Dataset extract section start

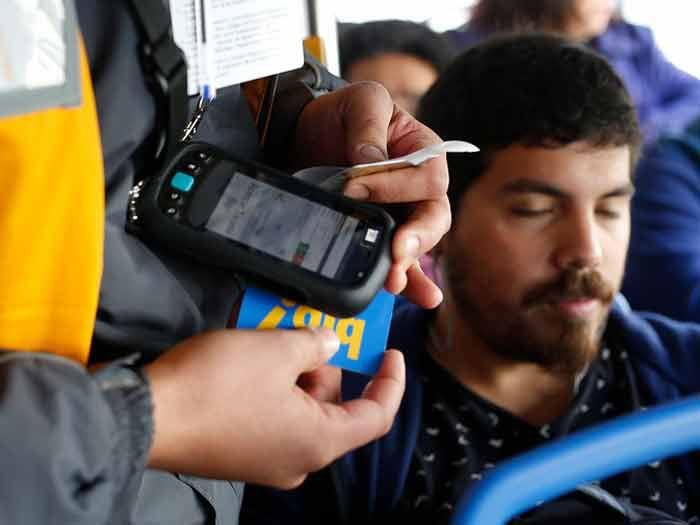 Realizan denuncia ciudadana por caducidad de tarjetas bip! y prepago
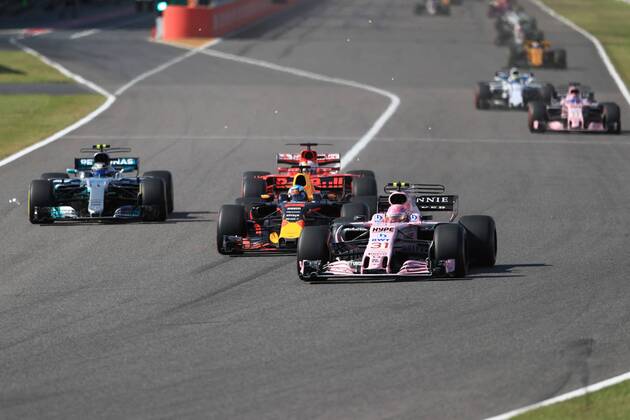 8th October 2017, Suzuka Circuit, Suzuka, Japan; Japanese Formula One Grand Prix, Sunday Race Day; Esteban Ocon - Sahara Force India passes Daniel Ricciardo and Vettel  ActionPlus11939015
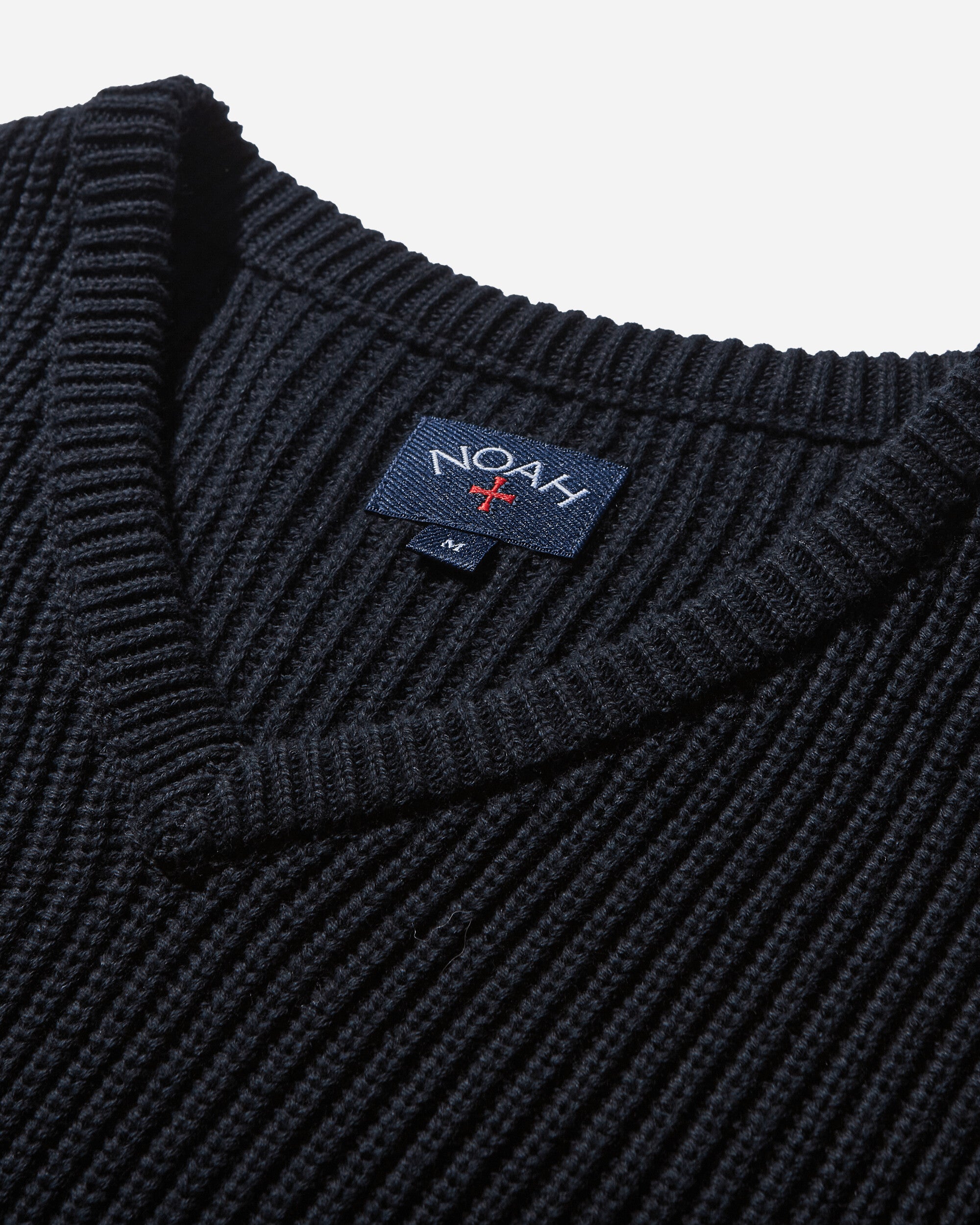 Noah V-Neck Shaker Stitch Sweater Navy Knitwears Sweaters SW070FW24 NVY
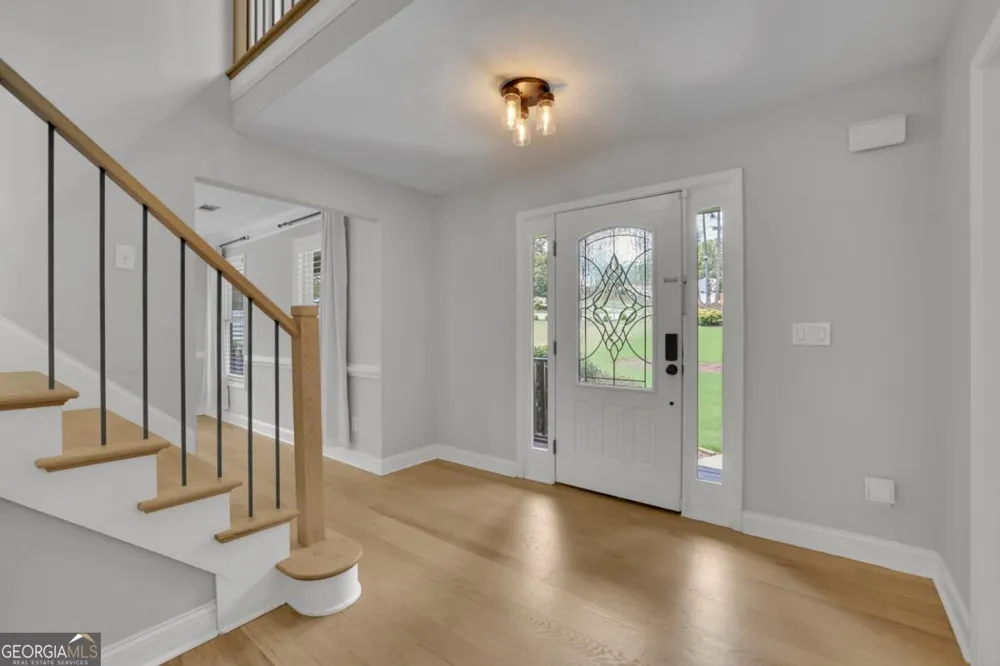 4418 Shellie LN Oakwood, GA 30566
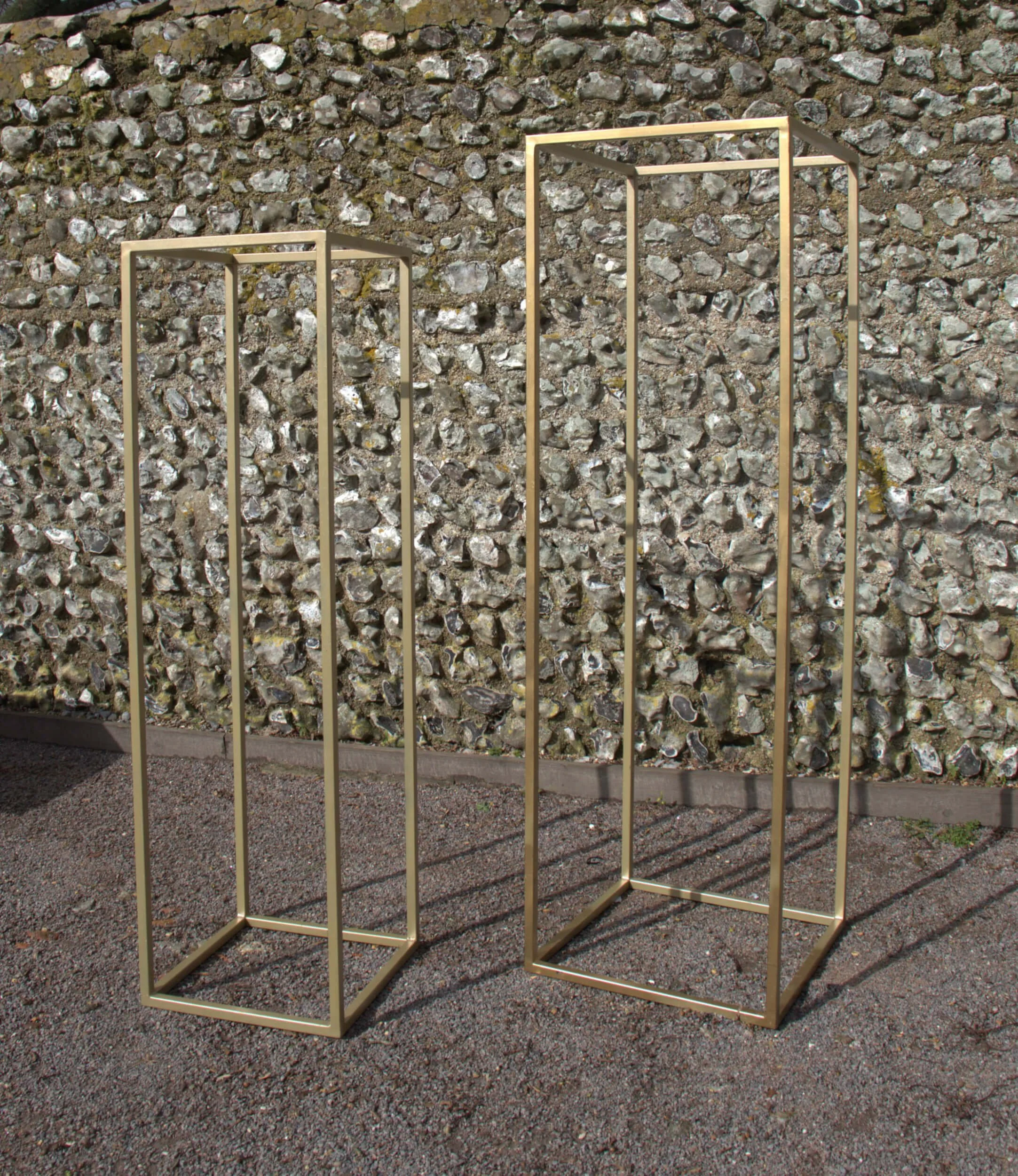 Pedestal Stand - Gold Large 1.6m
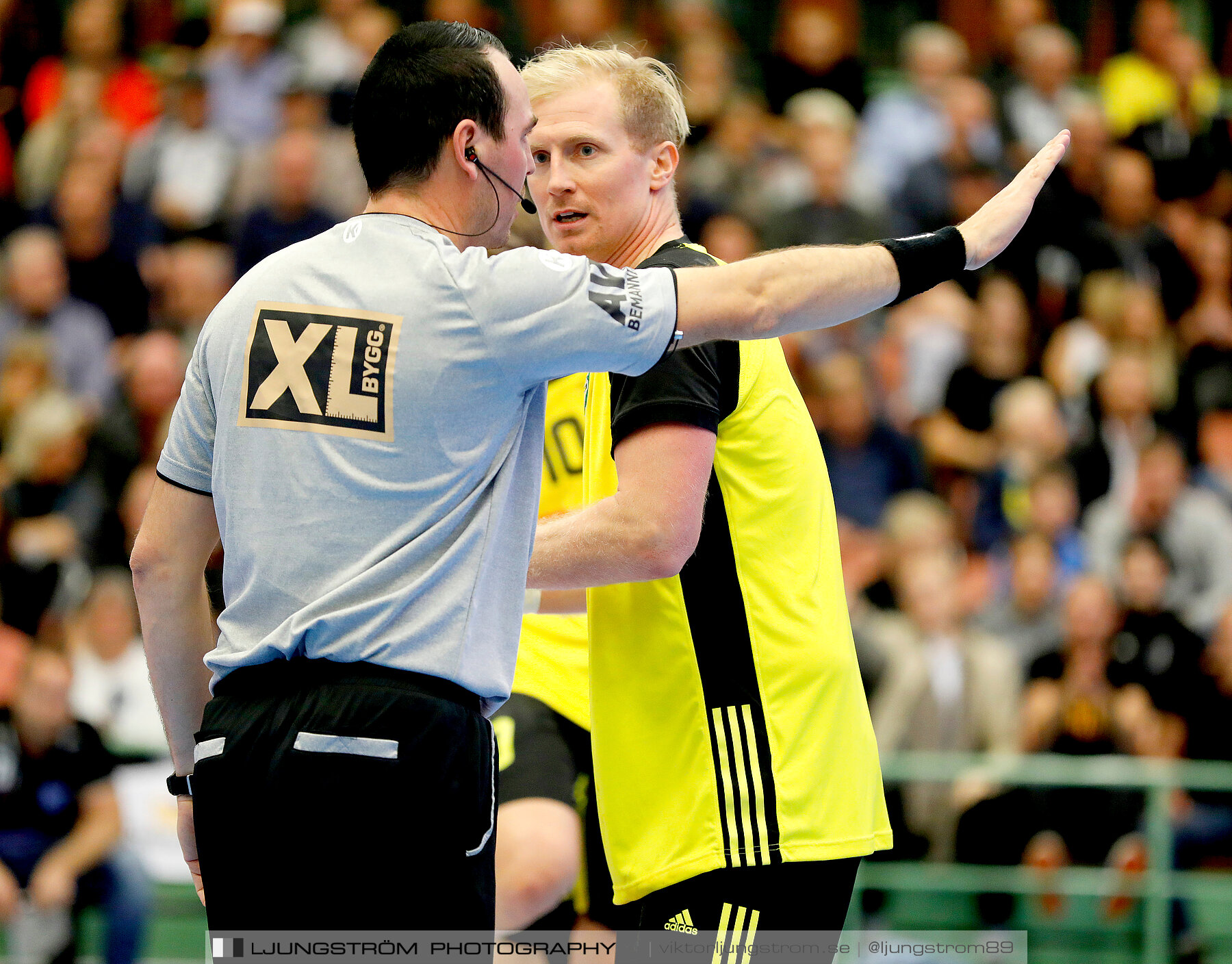 IFK Skövde HK-IK Sävehof 32-28,herr,Arena Skövde,Skövde,Sverige,Handboll,,2018,296068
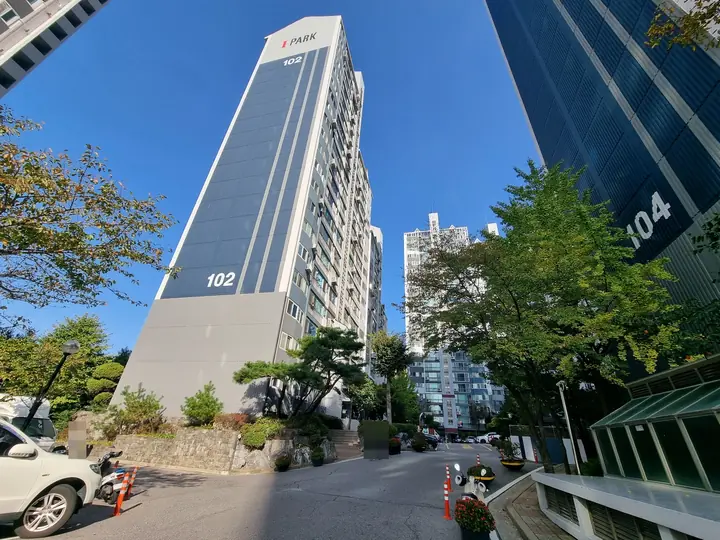 102동과 104동 사이 진입로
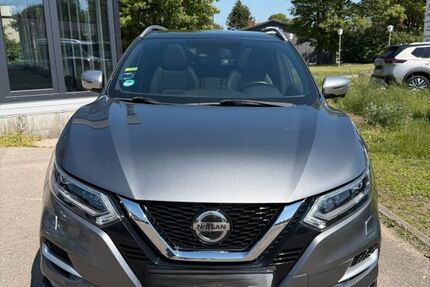 Nissan Qashqai 138.000 km 12.999 &euro; Schwerin 19063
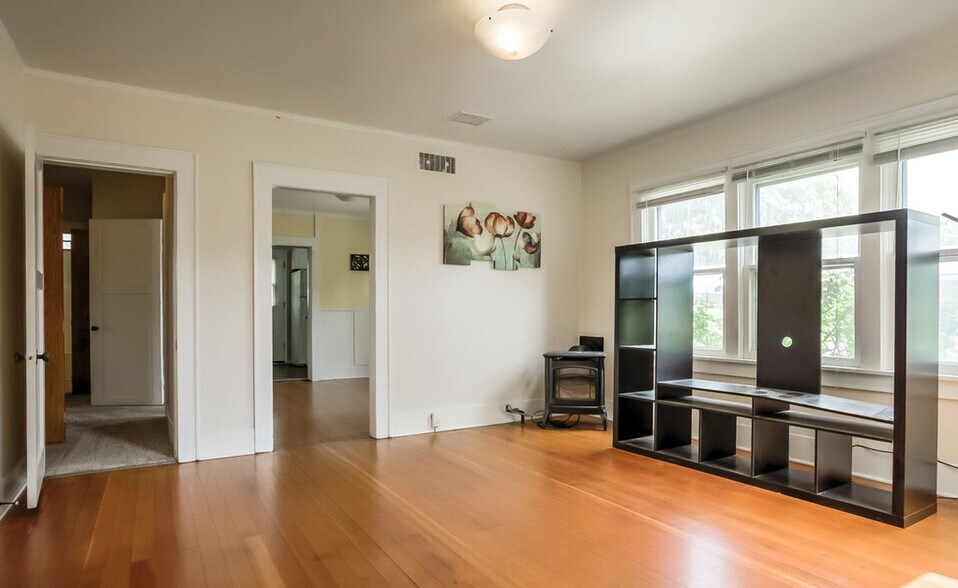 Living Room - 353 Southwest B Avenue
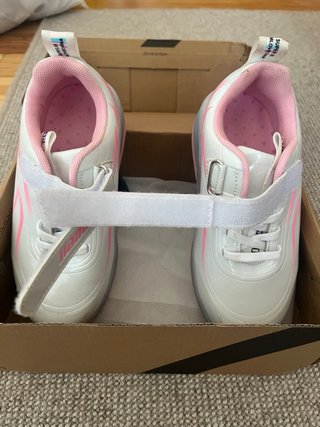 Zapatos con ruedas y luces - Talla 32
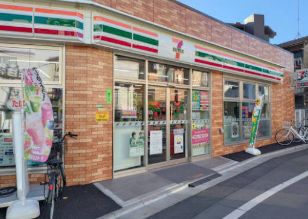 コンビニ　セブンイレブン千住宮元町店（コンビニ）まで169m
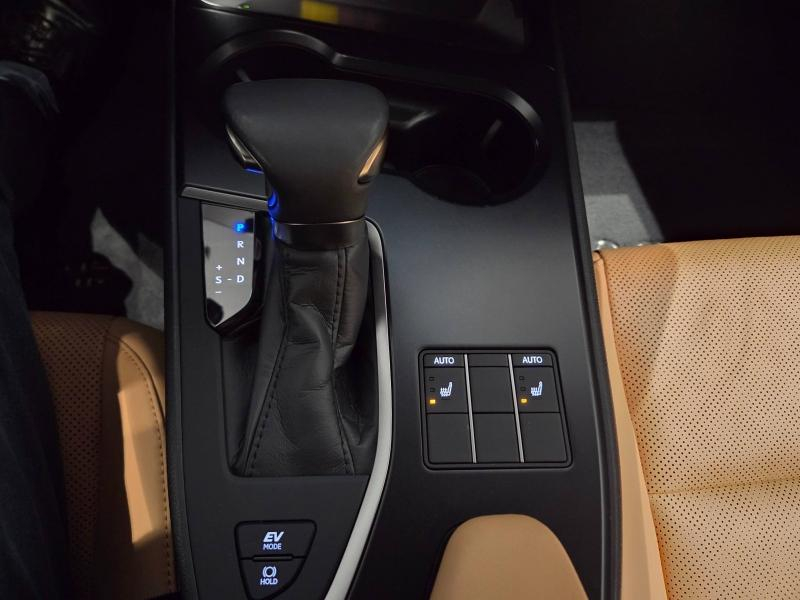 LEXUS UX d’occasion à vendre à AUBIÈRE chez ARVERNE (Photo 12)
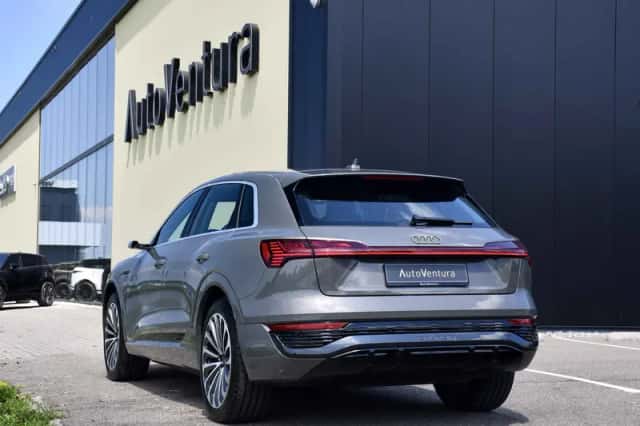 Audi Q8 e-tron (2024) thumbnail 4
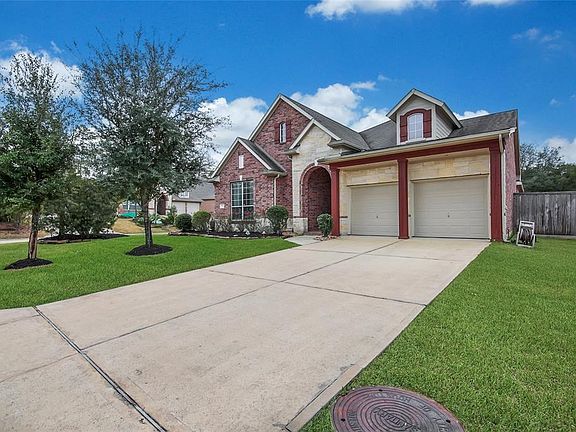 Beautiful Brick and Stone Elevation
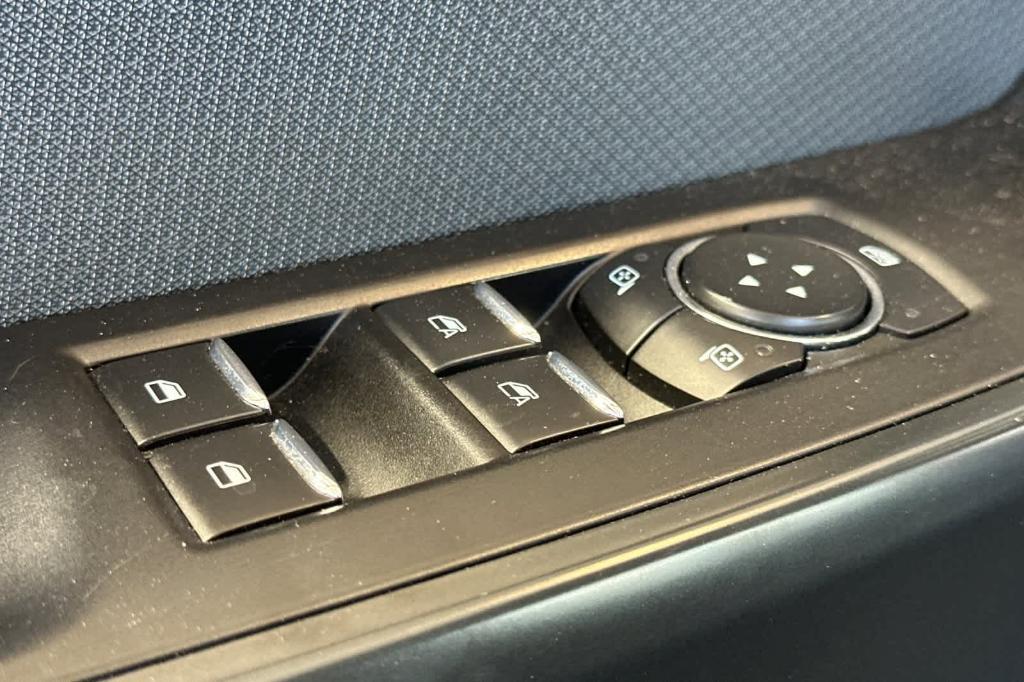 used 2022 Ford F-150 car, priced at $31,202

Dataset extract section end

§ **What this task involves**
Each line from the one containing "4418 Shellie LN Oakwood, GA 30566" through the final line of the data must be reproduced exactly, both ends included, with no pictures in the copy.

§ **Response**
 4418 Shellie LN Oakwood, GA 30566
 Pedestal Stand - Gold Large 1.6m
 IFK Skövde HK-IK Sävehof 32-28,herr,Arena Skövde,Skövde,Sverige,Handboll,,2018,296068
 102동과 104동 사이 진입로
 Nissan Qashqai 138.000 km 12.999 &euro; Schwerin 19063
 Living Room - 353 Southwest B Avenue
 Zapatos con ruedas y luces - Talla 32
 コンビニ　セブンイレブン千住宮元町店（コンビニ）まで169m
 LEXUS UX d’occasion à vendre à AUBIÈRE chez ARVERNE (Photo 12)
 Audi Q8 e-tron (2024) thumbnail 4
 Beautiful Brick and Stone Elevation
 used 2022 Ford F-150 car, priced at $31,202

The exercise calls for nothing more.